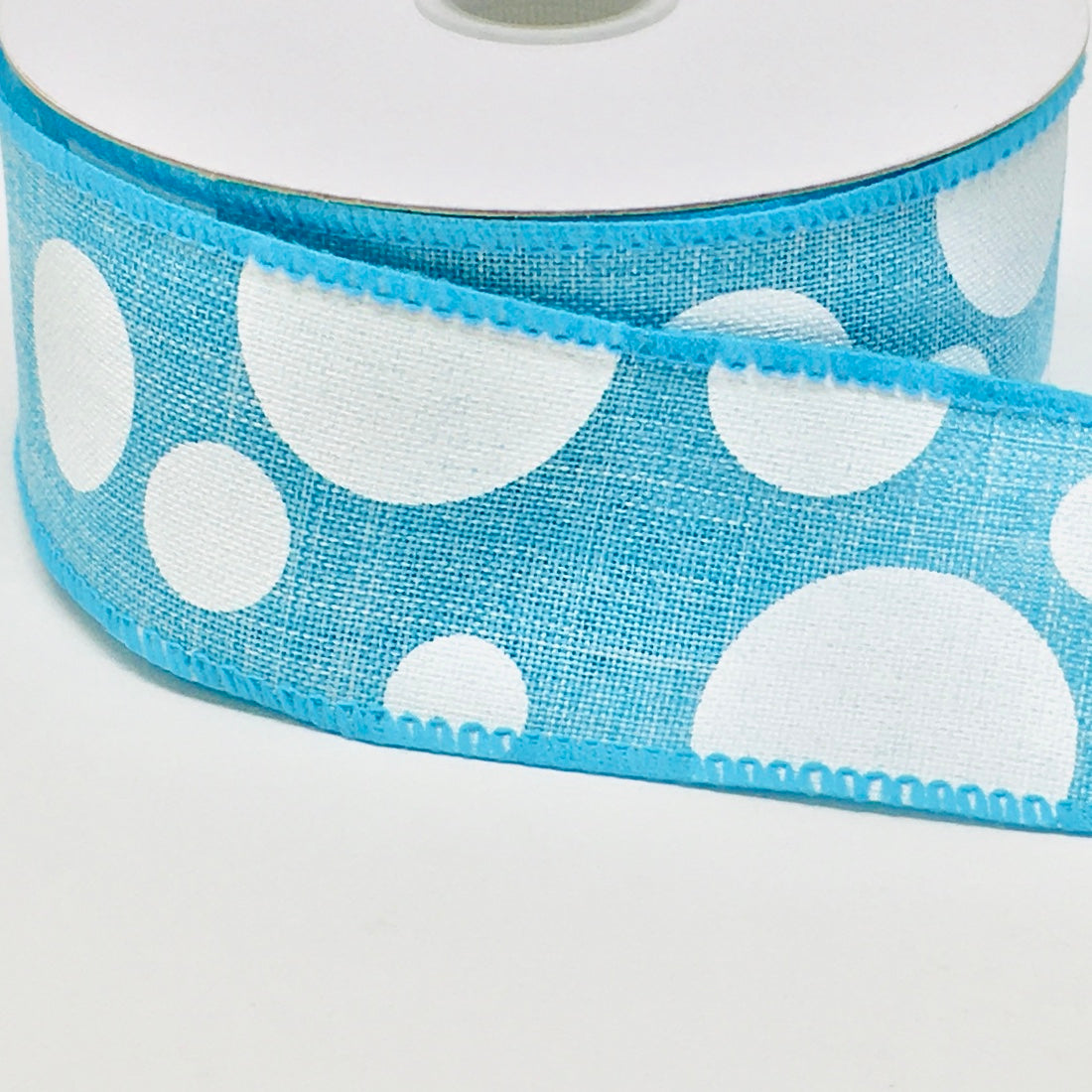 10 Yards - 1.5" Wired Blue and White Polka Dot Ribbon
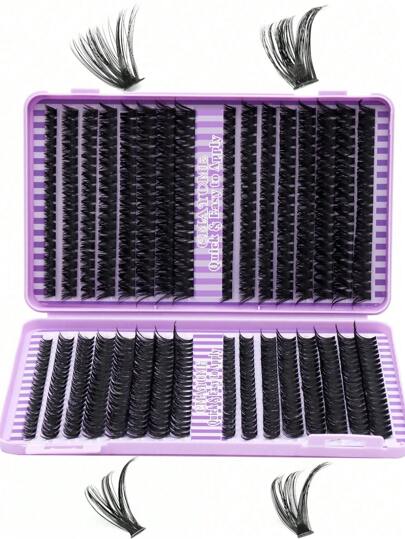 120/640pcs D Curl Fake Eyelashes High Capacity, Diy At Home False Lashes Extensions For Enlarge Eyes, Soft And Natural Look Diy Segmented Lash, Thick Fluffy False Eyelashes Beginner Friendly, Long Lasting Reusable Fake Lashes Cluster Suit For Starter,Stage Party,Music Festival Using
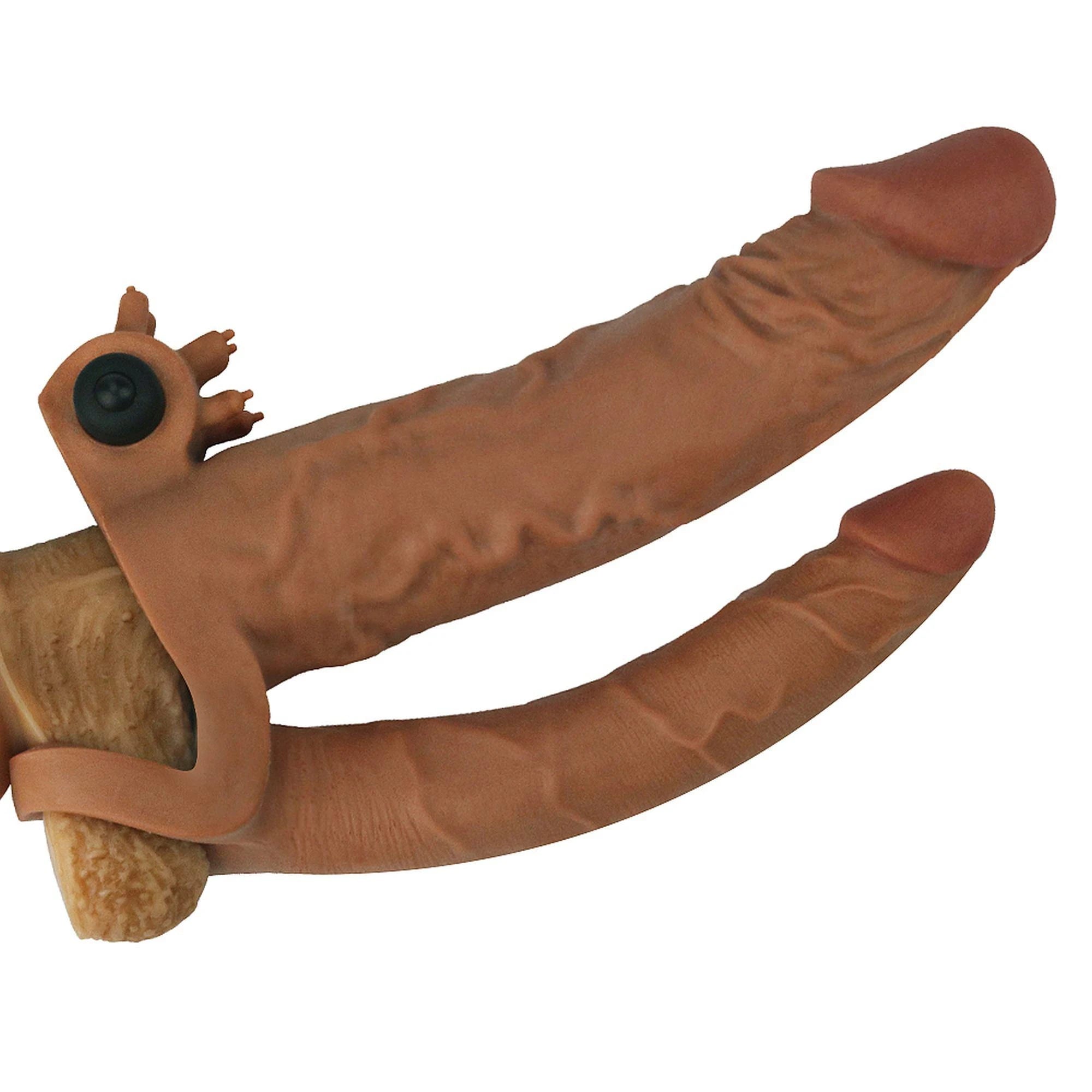 Add 2″ Pleasure X Tender Vibrating Double Penis Sleeve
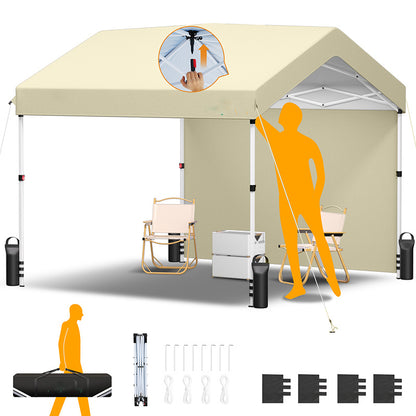 Pop-Up Tent – Buitentent – Vouwtent – Zonnescherm – Markttent – Zwart – 3,05x3,05 meter – UPF 50+ UV-bescherming – Verstelbare hoogte met zijwand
——————————
[Work task] Which lines run from the one containing "120/640pcs D Curl" to the end of the data above? Set down those lines exactly, and only those, without any pictures.

[Written response]
 120/640pcs D Curl Fake Eyelashes High Capacity, Diy At Home False Lashes Extensions For Enlarge Eyes, Soft And Natural Look Diy Segmented Lash, Thick Fluffy False Eyelashes Beginner Friendly, Long Lasting Reusable Fake Lashes Cluster Suit For Starter,Stage Party,Music Festival Using
 Add 2″ Pleasure X Tender Vibrating Double Penis Sleeve
 Pop-Up Tent – Buitentent – Vouwtent – Zonnescherm – Markttent – Zwart – 3,05x3,05 meter – UPF 50+ UV-bescherming – Verstelbare hoogte met zijwand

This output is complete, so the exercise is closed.